TASK
All of the data must be output exactly, with every picture left out.

PROVIDED MATERIAL
______________________________
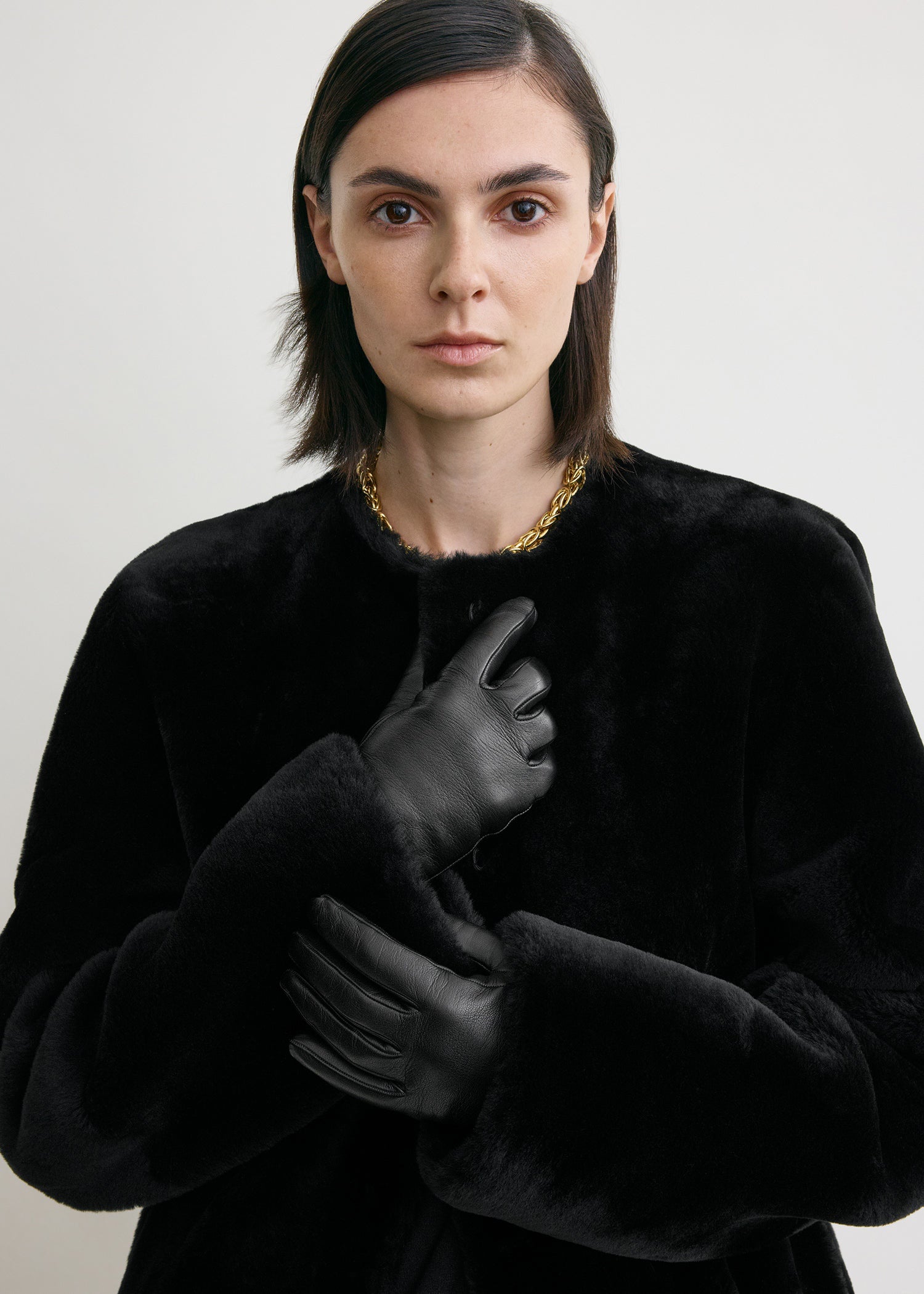 Leather gloves black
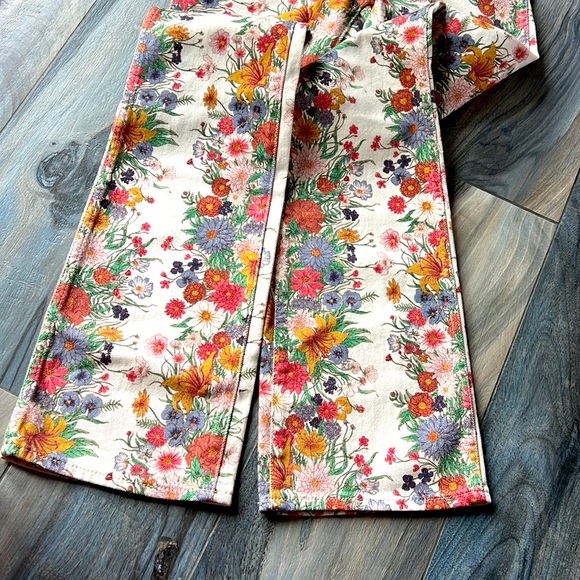 Wrangler floral high rise jeans - Picture 3 of 4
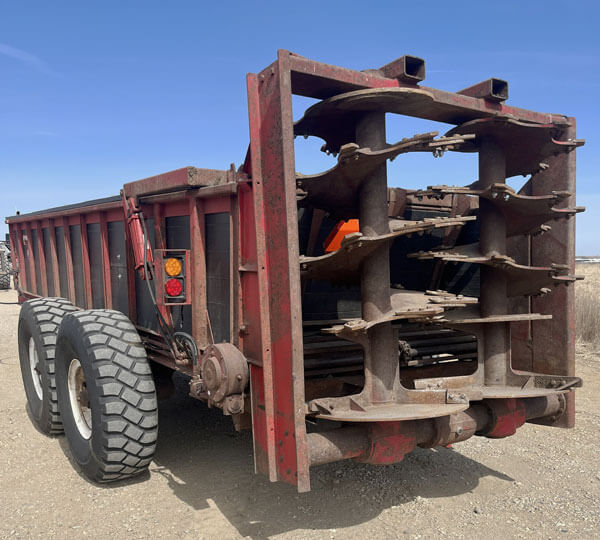 Spread-All TR22T-VD Manure Spreader - Image 4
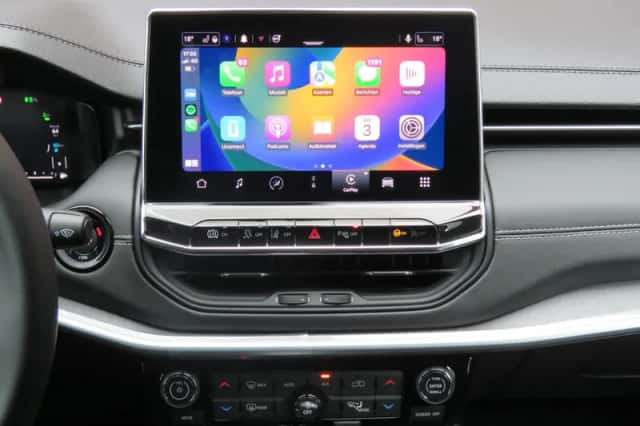 Jeep Compass (2023) thumbnail 3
______________________________
TASK ANSWER
 Leather gloves black
 Wrangler floral high rise jeans - Picture 3 of 4
 Spread-All TR22T-VD Manure Spreader - Image 4
 Jeep Compass (2023) thumbnail 3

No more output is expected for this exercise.